Rule of Thumb #2: An increase of $10 in the international (Brent) price of oil tends to lead to an increase of 25 cents in the price of gas. This is because America still imports much of its oil, so that's what sets the price at the pump. The rule also states that if you divided the price of oil by 40 and then added 75 cents you’d get pretty close to the national average price of gasoline.

(Updated chart)
To give you real-life examples, if the Brent Crude international oil  benchmark price hits $120, America's national average price of gas will be around $3.75 (that is, $120/40 + $0.75). If Brent crude falls to $100 a barrel, it’s a good guess that gas will head toward $3.25.

Rule of Thumb #3: Every $10 rise in the price of oil cuts 0.2% from GDP growth. Rising energy prices are essentially a consumption tax.
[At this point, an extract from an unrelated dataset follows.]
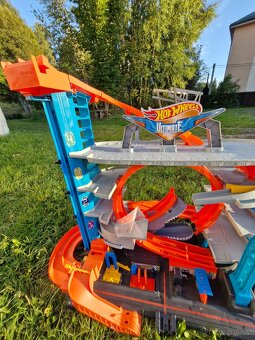 Garáž Hotwheels - 6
All that money we spend at the pump gets diverted from other spending.

Rule of Thumb #4: A change in oil prices will lead to a change 1/10th as large to the Consumer Price Index

With those four rules of thumb in mind, let me share with ou two more pieces of hard-earned wisdom:

When All Speculators Are Bullish, The Easiest Path for Oil Is Down

A piece of Trader Dan's comment on that chart: while the big commercial category is not at a record net short length, they are not far from one. The difference in the short positioning in this market at the current time, compared to when the commercials held their record net short position during August 2013, is that back then, the SWAP DEALERS were actually on the net long side of the market as well. Now those Swap Dealers are net short as well. As a matter of fact, the only category of traders that was net short the crude oil market back then, was those commercials - everyone else, including the swap dealers,  was net long.

Crude Oil was just shy of $112/barrel at that time. It then promptly proceeded to collapse some $20 barrel in the matter of three month's time all the way to $92.
Read the rest from Trader Dan himself.

That said, trying to pick a top in any market can be very expensive. Why? I'll tell you why ...

Market Trends Can Last Longer Than You Believe Is Possible. What's more, bullish moves generally last longer than bearish moves.